Именно способность Бонапарта пускать в ход поочередно хитрость и силу помогла ему покорить Европу. Впрочем, Европу — это слишком громко сказано. Что, собственно, разумелось в ту пору под Европой? Несколько министров, у каждого из которых было ничуть не больше ума, чем у едва ли не любого из их соотечественников.

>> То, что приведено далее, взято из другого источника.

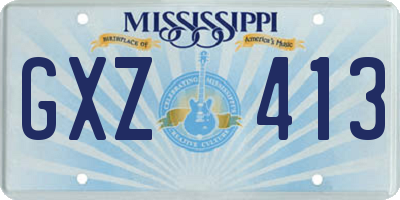 MS license plate GXZ413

Весной 1800 года я опубликовала книгу о литературе, и успех ее всецело возвратил мне милость общества; гостиная моя вновь наполнилась людьми, и я вновь испытала радости беседы, беседы в Париже, а для меня это, признаюсь, наслаждение самое жгучее. В моей книге о литературе не говорилось ни слова о Бонапарте, зато в ней были выражены, и, признаюсь, выражены с силою, чувства самые либеральные.>151 В ту пору Бонапарт еще не умел ограничить свободу печати так, как теперь. Цензуре подвергались газеты, но не книги,>152 — система, которую, пожалуй, соблюдай правительство определенную умеренность, можно было бы стерпеть, ибо газеты оказывают влияние на народные массы, книги же читаются исключительно людьми образованными и могут просвещать общественное мнение, не распаляя его. В Сенате, должно быть в насмешку, учредили одну комиссию, ведающую свободой печати, и другую, ведающую свободой личности;>153 они существуют и по сей день, причем состав их обновляется каждые три месяца. Бесспорно, управление епархиями с нехристианским населением>154 и английские синекуры — дела куда более хлопотные, нежели членство в этих комиссиях, разве что членов их приравняли к весталкам, призванным поддерживать огонь в светильниках над могилами.

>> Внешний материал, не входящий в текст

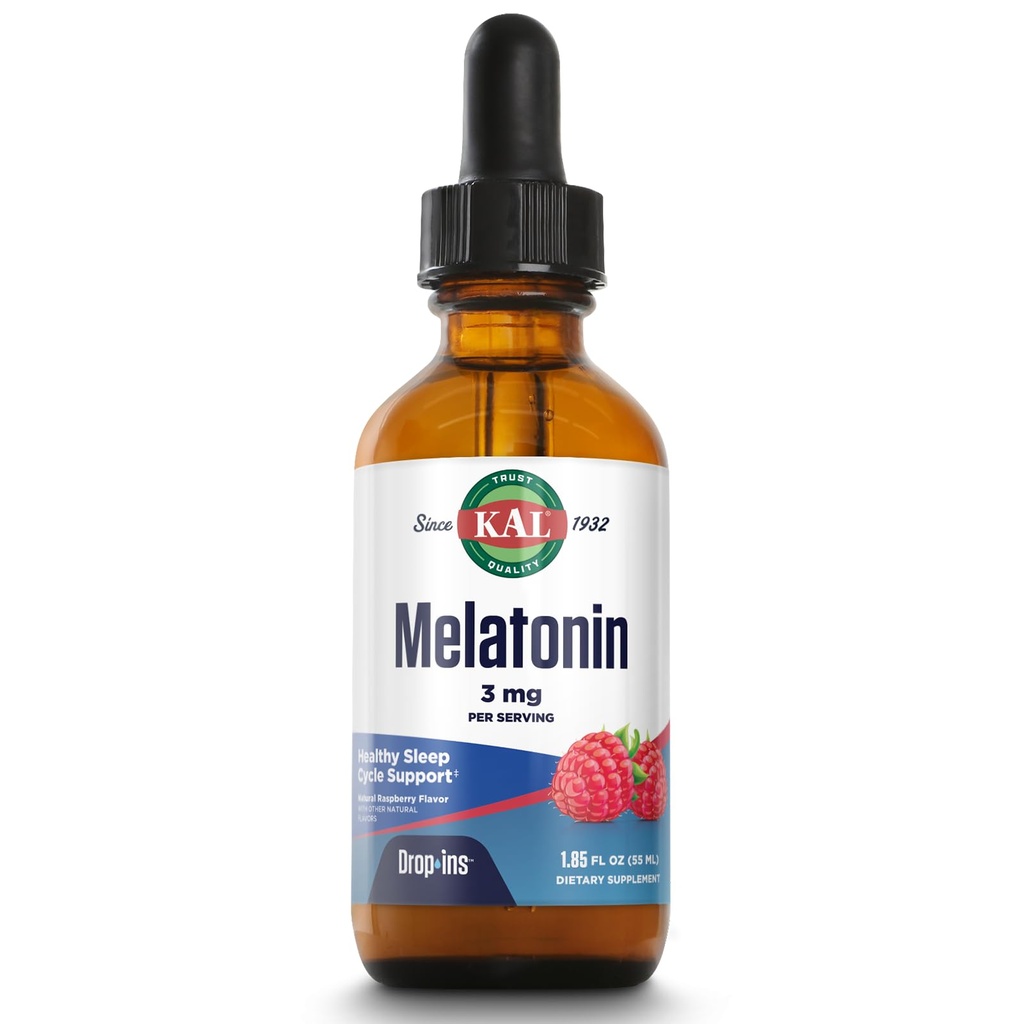 KAL Melatonin DropIns 3mg, Gesunde Schlafhilfe Unterstützung, Flüssige Melatonin Tropfen für Optimale Absorption & Beruhigende Entspannung Unterstützung, Schnell wirkende, Natürliche Himbeer-Aroma, Ca. 55 Portionen, 1,85oz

После труда о литературах Севера и Юга>155 я опубликовала «Дельфину», «Коринну»>156 и, наконец, написала книгу о Германии, запрещенную накануне выхода в свет. Однако, каких бы мучительных гонений ни навлекло на меня это последнее сочинение, я по-прежнему продолжаю считать, что литература способна доставить радости и снискать уважение публики любому автору, даже если автор этот — женщина. Страдания, пережитые мною, я приписываю тому обстоятельству, что судьба моя с первых шагов в свете была неразрывно связана с интересами свободы, которые отстаивали мой отец и мои друзья; что же касается писательского таланта, принесшего мне известность, он неизменно доставлял мне больше удовольствия, чем огорчений. Критические отзывы о том или ином сочинении нетрудно перенести, обладая душой сколько-нибудь возвышенной и любя великие мысли более за их собственное совершенство, нежели за успех, какой они могут нам снискать.>157 Впрочем, публика, по моему мнению, рано или поздно начинает судить о сочинениях весьма справедливо; самолюбивым авторам, жадным до похвал, следует запастись терпением: со временем каждый из них получит то, что заслужил. Наконец, пусть даже нам суждено долгое время страдать от несправедливости, я не знаю лучшего прибежища от этого несчастья, кроме раздумий, навеваемых философией, и энтузиазма, внушаемого красноречием. Благодаря им целый мир открытий и чувств, в котором мы можем дышать полной грудью, покоряется нашей власти.